[Data excerpts]
****************************************

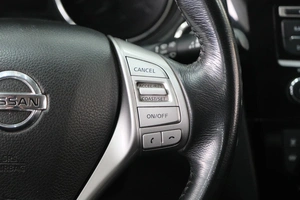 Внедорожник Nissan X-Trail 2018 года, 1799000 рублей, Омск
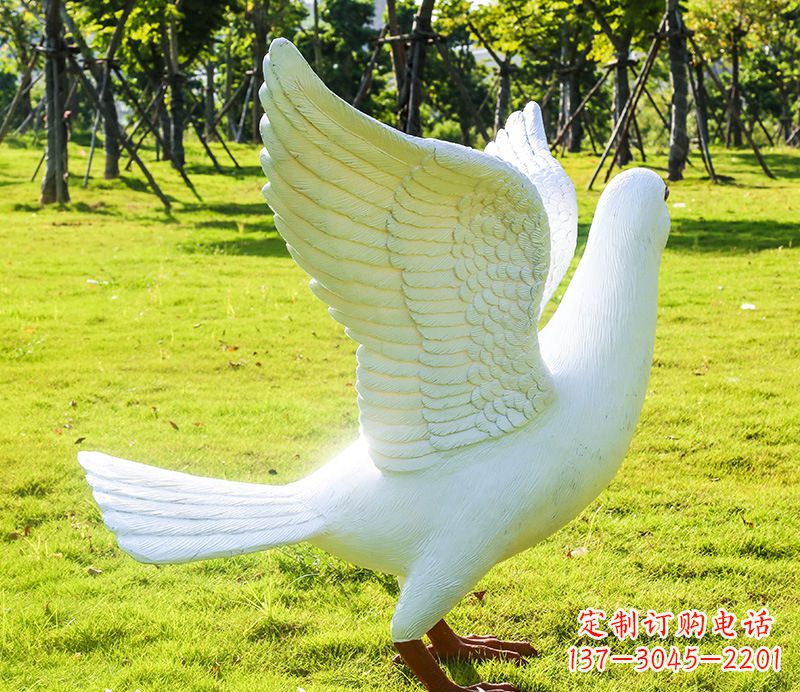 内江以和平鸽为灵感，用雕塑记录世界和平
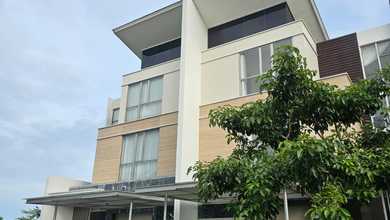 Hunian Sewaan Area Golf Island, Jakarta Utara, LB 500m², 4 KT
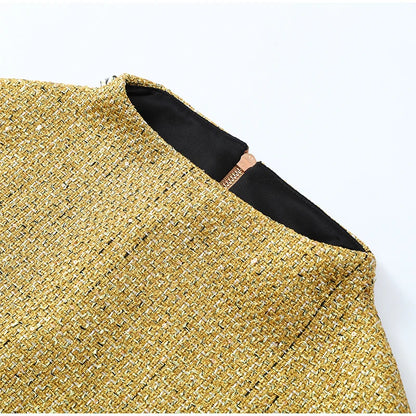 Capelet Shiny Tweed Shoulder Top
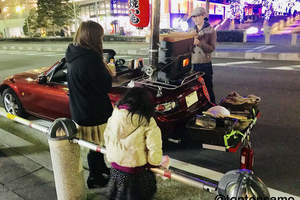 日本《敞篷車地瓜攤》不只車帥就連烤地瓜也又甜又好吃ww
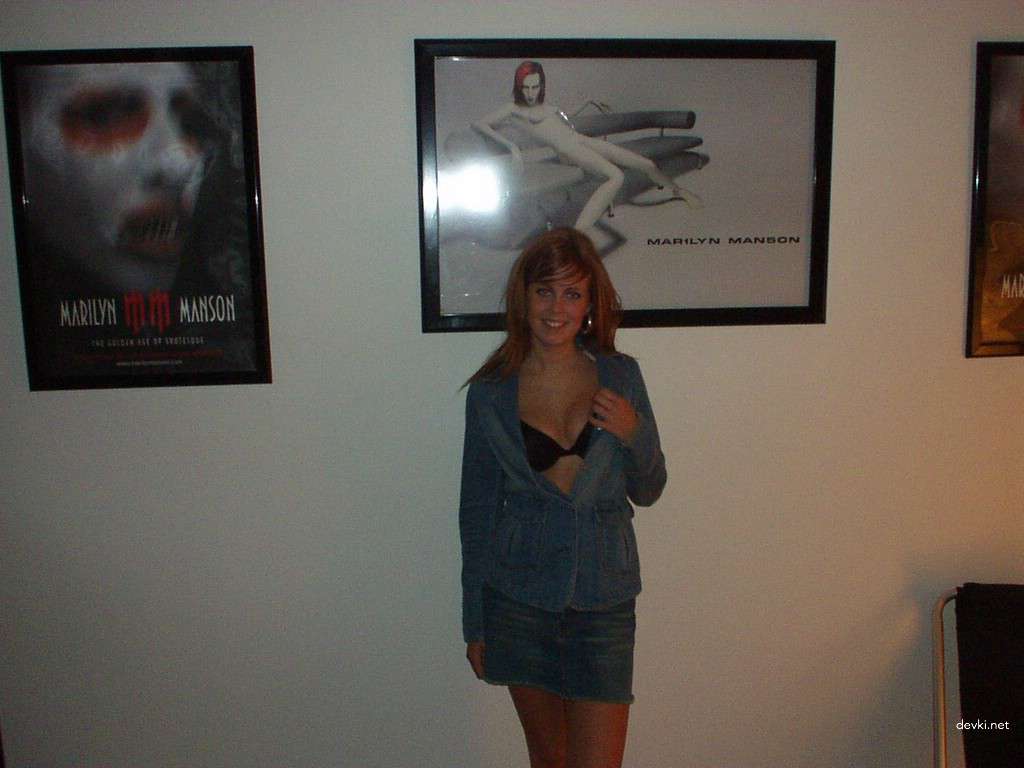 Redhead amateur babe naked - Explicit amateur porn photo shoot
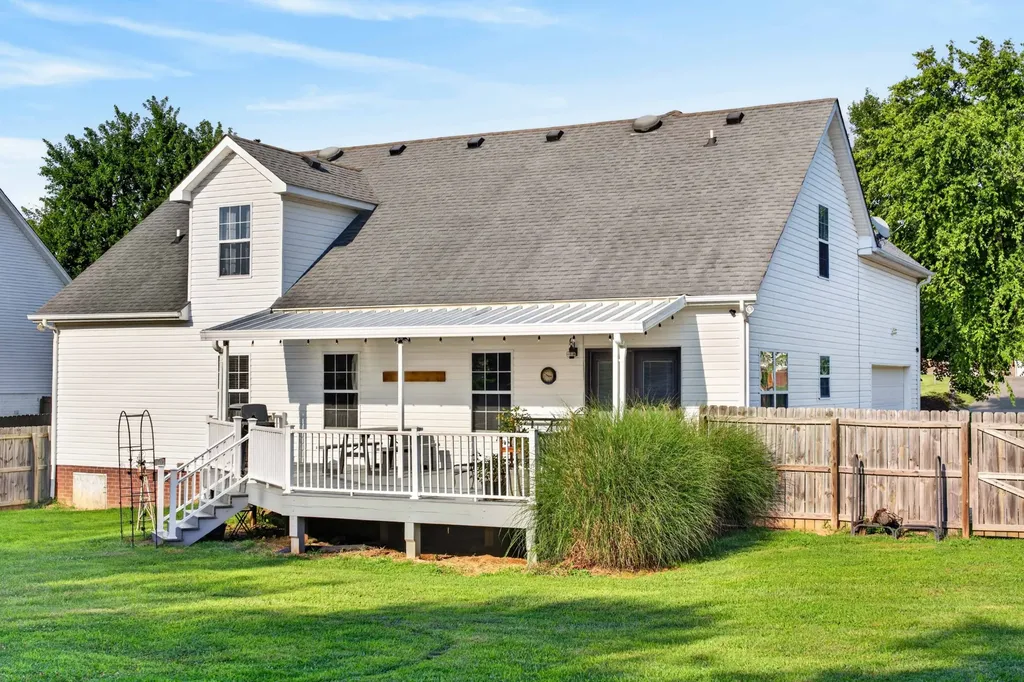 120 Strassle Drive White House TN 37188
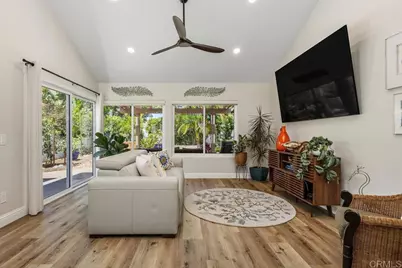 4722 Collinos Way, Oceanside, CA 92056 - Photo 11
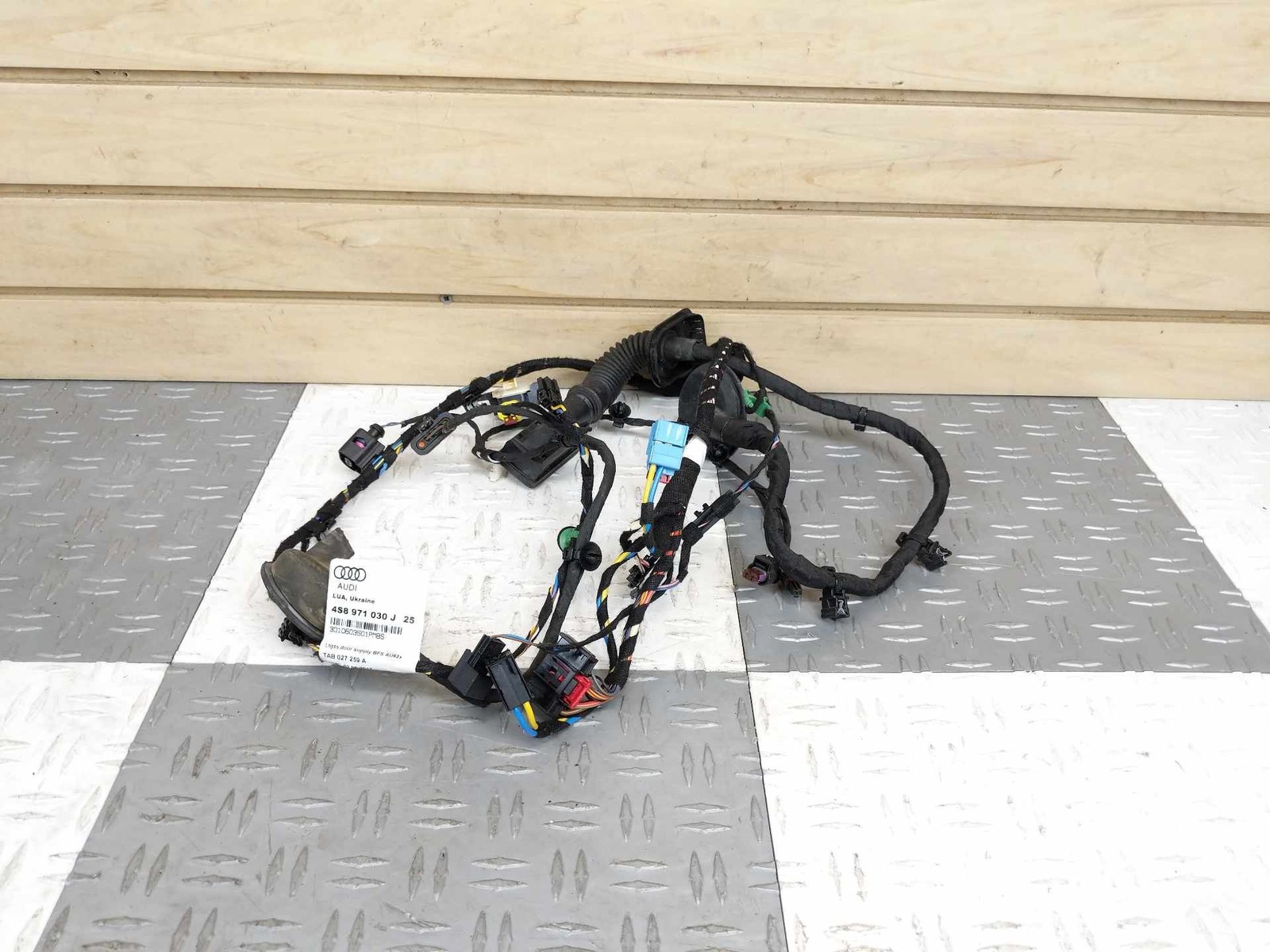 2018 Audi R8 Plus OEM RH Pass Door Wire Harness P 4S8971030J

****************************************

Description of the task: Your answer must be the lines from the one holding "内江以和平鸽为灵感，用雕塑记录世界和平" through the final line of the records above, exactly as written and without any pictures.

Finished exercise:
 内江以和平鸽为灵感，用雕塑记录世界和平
 Hunian Sewaan Area Golf Island, Jakarta Utara, LB 500m², 4 KT
 Capelet Shiny Tweed Shoulder Top
 日本《敞篷車地瓜攤》不只車帥就連烤地瓜也又甜又好吃ww
 Redhead amateur babe naked - Explicit amateur porn photo shoot
 120 Strassle Drive White House TN 37188
 4722 Collinos Way, Oceanside, CA 92056 - Photo 11
 2018 Audi R8 Plus OEM RH Pass Door Wire Harness P 4S8971030J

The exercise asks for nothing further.